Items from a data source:
********

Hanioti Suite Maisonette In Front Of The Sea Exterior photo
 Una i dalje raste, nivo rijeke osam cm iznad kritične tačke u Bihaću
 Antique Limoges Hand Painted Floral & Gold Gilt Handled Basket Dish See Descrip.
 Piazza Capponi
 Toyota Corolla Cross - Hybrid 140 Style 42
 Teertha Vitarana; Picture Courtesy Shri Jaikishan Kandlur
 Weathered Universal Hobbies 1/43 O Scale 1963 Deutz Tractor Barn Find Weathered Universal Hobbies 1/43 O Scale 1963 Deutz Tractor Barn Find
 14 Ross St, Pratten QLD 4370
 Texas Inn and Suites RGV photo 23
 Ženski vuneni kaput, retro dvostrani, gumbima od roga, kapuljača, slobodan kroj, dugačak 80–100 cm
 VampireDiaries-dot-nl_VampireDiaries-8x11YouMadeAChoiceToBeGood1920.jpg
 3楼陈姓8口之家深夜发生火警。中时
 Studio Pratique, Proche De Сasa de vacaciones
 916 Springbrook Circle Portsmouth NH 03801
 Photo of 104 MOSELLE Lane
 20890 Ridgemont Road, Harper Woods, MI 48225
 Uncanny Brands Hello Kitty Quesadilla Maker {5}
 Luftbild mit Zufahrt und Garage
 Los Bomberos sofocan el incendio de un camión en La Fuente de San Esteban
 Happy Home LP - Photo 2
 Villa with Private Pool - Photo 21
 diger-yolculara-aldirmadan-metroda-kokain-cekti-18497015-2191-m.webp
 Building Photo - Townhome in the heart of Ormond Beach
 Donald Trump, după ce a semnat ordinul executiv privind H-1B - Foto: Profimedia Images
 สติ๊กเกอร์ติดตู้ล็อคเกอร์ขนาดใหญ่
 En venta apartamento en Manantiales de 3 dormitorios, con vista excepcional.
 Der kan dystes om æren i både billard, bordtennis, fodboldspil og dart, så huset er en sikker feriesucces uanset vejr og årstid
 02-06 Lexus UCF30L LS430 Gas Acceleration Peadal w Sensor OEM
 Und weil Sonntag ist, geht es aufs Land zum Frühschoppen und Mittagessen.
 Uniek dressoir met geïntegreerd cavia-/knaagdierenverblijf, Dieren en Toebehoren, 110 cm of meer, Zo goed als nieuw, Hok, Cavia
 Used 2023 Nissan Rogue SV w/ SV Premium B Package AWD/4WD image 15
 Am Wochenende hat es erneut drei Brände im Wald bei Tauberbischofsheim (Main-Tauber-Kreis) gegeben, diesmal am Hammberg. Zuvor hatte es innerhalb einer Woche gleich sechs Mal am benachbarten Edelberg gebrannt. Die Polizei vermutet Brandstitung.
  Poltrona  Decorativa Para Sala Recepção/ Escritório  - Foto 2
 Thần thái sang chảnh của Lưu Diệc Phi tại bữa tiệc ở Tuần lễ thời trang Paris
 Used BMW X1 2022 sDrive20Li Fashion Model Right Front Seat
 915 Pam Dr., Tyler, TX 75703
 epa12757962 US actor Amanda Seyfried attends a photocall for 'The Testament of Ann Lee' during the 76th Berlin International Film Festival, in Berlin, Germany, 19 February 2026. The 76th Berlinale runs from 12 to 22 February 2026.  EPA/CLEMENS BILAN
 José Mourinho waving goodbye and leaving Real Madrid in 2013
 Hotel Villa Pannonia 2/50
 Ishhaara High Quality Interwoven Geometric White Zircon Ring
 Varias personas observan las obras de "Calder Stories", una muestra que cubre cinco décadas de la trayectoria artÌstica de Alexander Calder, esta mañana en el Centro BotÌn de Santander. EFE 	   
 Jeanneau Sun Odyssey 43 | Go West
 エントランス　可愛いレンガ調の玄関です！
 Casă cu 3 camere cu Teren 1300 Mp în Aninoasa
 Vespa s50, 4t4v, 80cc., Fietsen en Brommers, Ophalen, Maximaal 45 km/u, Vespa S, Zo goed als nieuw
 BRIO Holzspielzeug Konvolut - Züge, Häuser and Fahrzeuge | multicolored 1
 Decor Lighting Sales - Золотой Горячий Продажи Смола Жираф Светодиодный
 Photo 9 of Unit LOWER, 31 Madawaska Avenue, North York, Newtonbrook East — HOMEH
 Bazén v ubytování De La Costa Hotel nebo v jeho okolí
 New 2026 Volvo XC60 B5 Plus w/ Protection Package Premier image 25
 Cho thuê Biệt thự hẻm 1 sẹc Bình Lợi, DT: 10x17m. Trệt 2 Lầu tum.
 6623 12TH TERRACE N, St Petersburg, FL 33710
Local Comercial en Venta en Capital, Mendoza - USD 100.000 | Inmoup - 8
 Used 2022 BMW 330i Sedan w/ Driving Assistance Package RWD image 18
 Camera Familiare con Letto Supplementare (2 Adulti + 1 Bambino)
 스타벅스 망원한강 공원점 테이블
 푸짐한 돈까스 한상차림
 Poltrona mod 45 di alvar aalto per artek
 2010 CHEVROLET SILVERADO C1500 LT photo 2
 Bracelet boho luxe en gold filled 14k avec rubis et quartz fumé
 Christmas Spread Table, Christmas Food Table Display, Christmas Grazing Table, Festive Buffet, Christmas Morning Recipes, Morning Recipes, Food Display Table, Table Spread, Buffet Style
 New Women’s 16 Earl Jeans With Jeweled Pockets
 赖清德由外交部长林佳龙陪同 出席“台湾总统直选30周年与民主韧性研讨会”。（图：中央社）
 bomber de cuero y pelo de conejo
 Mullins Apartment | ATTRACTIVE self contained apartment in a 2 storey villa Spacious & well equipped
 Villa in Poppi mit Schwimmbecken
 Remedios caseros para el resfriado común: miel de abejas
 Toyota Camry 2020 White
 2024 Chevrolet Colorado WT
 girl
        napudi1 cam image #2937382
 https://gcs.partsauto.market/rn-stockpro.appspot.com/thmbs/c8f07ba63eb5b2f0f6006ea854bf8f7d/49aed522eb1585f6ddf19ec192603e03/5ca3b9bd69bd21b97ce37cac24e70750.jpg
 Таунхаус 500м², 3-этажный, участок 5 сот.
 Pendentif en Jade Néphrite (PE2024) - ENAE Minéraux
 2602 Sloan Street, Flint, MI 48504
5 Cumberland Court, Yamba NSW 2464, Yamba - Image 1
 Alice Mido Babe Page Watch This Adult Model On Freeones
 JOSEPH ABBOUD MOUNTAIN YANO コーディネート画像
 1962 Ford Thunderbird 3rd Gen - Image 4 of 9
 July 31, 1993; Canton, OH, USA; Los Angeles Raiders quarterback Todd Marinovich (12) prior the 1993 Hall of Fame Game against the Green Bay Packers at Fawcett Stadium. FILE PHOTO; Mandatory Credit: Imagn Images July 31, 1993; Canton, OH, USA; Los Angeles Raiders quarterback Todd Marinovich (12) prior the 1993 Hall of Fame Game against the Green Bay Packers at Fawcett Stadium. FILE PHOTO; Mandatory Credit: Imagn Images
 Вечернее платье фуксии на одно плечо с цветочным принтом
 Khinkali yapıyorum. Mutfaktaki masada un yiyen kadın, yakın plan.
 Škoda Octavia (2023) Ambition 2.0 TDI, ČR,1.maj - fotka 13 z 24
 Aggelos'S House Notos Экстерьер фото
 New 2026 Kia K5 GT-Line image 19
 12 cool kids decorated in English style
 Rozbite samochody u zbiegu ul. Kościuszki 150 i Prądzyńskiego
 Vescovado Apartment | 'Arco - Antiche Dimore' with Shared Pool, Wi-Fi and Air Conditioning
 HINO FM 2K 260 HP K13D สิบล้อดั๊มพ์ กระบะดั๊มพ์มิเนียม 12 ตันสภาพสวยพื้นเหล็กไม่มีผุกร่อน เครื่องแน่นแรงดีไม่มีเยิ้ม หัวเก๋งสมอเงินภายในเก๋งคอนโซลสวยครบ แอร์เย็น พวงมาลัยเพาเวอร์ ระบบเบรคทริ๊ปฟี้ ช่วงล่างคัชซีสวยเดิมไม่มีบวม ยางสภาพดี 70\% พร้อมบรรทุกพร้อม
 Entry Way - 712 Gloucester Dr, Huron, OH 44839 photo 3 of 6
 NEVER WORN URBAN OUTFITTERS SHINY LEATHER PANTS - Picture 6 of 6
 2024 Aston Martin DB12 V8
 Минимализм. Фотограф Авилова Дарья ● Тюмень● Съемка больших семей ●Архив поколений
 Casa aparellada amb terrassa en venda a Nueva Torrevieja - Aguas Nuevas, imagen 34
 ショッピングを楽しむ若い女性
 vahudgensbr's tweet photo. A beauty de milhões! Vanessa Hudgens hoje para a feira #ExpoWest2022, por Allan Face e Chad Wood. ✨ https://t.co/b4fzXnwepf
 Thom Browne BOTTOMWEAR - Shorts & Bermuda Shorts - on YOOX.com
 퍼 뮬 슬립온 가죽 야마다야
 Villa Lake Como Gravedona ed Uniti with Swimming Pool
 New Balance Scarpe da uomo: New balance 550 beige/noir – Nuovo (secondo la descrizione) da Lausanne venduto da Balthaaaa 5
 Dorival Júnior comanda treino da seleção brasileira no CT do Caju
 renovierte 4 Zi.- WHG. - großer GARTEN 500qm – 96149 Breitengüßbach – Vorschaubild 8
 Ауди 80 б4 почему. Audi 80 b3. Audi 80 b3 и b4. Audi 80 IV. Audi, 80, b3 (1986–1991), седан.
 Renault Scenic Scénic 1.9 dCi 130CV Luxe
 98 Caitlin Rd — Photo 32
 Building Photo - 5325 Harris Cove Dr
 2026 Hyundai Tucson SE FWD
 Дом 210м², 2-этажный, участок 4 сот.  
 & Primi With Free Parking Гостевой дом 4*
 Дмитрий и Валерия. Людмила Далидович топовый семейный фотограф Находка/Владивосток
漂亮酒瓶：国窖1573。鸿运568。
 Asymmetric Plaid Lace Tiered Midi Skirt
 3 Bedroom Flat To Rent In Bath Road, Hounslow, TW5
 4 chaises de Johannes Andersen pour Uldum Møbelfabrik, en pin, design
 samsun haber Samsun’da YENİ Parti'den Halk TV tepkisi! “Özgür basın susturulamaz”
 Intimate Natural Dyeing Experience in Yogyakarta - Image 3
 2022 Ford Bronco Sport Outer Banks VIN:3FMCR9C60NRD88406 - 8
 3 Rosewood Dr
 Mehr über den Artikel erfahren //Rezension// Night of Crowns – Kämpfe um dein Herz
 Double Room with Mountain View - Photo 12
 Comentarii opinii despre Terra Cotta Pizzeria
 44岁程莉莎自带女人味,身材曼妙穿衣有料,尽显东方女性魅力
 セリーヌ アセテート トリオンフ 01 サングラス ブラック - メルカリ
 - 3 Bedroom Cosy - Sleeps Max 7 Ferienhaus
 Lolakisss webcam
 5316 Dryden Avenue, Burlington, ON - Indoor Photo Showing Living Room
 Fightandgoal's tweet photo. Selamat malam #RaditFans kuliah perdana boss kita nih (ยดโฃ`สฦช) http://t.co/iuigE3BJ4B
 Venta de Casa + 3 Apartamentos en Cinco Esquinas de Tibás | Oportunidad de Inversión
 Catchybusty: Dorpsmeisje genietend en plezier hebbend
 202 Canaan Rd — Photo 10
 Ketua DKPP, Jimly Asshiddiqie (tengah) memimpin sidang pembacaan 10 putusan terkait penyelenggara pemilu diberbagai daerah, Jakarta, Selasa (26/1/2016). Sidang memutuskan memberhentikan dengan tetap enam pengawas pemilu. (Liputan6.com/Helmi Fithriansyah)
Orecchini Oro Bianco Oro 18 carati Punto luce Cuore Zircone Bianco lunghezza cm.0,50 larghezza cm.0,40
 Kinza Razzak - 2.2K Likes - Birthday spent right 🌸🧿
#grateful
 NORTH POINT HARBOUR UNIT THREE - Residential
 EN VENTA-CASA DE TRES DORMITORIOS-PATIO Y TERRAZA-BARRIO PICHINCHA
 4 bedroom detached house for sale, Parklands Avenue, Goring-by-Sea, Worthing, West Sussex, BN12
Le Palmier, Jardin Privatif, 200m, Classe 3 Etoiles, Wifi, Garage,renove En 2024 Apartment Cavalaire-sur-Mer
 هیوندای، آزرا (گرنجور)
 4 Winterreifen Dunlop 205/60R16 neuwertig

********

## Directions:
Which lines of the data above contain the string "Avenue"? Copy each of them.

## Response:
 Photo 9 of Unit LOWER, 31 Madawaska Avenue, North York, Newtonbrook East — HOMEH
 5316 Dryden Avenue, Burlington, ON - Indoor Photo Showing Living Room
 4 bedroom detached house for sale, Parklands Avenue, Goring-by-Sea, Worthing, West Sussex, BN12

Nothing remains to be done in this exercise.